### Records for this exercise
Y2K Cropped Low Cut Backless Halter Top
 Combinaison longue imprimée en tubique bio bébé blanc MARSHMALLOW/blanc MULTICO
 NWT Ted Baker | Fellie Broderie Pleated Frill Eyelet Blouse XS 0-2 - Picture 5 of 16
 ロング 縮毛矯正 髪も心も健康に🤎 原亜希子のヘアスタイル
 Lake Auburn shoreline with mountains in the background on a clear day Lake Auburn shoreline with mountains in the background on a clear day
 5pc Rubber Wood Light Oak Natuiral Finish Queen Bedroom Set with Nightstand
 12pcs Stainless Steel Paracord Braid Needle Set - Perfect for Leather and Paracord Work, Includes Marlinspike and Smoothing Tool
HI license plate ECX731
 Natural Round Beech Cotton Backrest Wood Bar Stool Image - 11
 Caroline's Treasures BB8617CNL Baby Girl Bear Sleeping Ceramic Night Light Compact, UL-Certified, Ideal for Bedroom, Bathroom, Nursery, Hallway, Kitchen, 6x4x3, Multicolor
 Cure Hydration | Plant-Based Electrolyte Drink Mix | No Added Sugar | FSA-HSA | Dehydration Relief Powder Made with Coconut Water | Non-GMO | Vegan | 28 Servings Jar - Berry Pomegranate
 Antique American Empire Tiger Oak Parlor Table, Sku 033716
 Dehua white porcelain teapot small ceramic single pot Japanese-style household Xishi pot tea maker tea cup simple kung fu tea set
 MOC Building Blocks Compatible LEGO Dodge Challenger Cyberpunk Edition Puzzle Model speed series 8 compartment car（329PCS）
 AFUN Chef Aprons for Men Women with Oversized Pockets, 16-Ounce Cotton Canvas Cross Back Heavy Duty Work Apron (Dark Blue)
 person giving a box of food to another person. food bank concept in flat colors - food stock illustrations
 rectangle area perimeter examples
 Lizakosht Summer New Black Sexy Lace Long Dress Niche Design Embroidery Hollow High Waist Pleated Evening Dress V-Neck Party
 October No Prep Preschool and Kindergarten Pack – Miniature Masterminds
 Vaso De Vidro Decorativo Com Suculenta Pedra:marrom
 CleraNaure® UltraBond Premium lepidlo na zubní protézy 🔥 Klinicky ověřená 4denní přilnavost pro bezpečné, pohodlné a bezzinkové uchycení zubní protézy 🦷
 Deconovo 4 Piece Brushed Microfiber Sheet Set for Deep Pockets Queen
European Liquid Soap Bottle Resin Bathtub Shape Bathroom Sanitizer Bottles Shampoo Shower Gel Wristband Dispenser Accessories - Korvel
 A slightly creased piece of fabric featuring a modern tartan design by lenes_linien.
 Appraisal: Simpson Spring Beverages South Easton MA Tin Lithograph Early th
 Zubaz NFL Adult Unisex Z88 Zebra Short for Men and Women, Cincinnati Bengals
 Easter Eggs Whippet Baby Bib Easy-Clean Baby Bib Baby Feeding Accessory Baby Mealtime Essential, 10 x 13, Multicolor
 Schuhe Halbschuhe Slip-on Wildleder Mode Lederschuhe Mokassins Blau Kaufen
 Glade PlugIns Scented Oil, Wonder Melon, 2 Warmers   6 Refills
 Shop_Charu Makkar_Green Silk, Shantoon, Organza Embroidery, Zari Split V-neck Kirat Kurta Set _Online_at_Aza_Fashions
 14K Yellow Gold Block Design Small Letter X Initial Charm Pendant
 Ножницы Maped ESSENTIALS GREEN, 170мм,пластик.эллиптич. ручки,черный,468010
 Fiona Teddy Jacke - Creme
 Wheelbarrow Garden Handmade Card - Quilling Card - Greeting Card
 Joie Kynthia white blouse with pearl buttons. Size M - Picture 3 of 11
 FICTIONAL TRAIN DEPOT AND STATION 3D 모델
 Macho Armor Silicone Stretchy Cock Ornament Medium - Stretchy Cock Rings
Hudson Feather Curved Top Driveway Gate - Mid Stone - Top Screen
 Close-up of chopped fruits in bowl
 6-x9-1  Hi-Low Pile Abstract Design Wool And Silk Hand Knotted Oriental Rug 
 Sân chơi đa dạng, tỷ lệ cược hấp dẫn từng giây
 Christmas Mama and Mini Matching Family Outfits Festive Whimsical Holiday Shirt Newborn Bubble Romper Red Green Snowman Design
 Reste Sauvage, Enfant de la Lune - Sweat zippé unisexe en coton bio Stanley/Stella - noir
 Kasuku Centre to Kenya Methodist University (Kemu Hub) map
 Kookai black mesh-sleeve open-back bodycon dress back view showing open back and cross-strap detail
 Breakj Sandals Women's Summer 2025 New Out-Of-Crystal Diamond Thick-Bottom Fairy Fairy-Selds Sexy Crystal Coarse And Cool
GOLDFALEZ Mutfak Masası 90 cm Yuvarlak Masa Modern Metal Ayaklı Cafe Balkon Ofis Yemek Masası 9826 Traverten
######
What the exercise asks
Find the word "Picture" in the records, and report each line that has it.

Solution
 NWT Ted Baker | Fellie Broderie Pleated Frill Eyelet Blouse XS 0-2 - Picture 5 of 16
 Joie Kynthia white blouse with pearl buttons. Size M - Picture 3 of 11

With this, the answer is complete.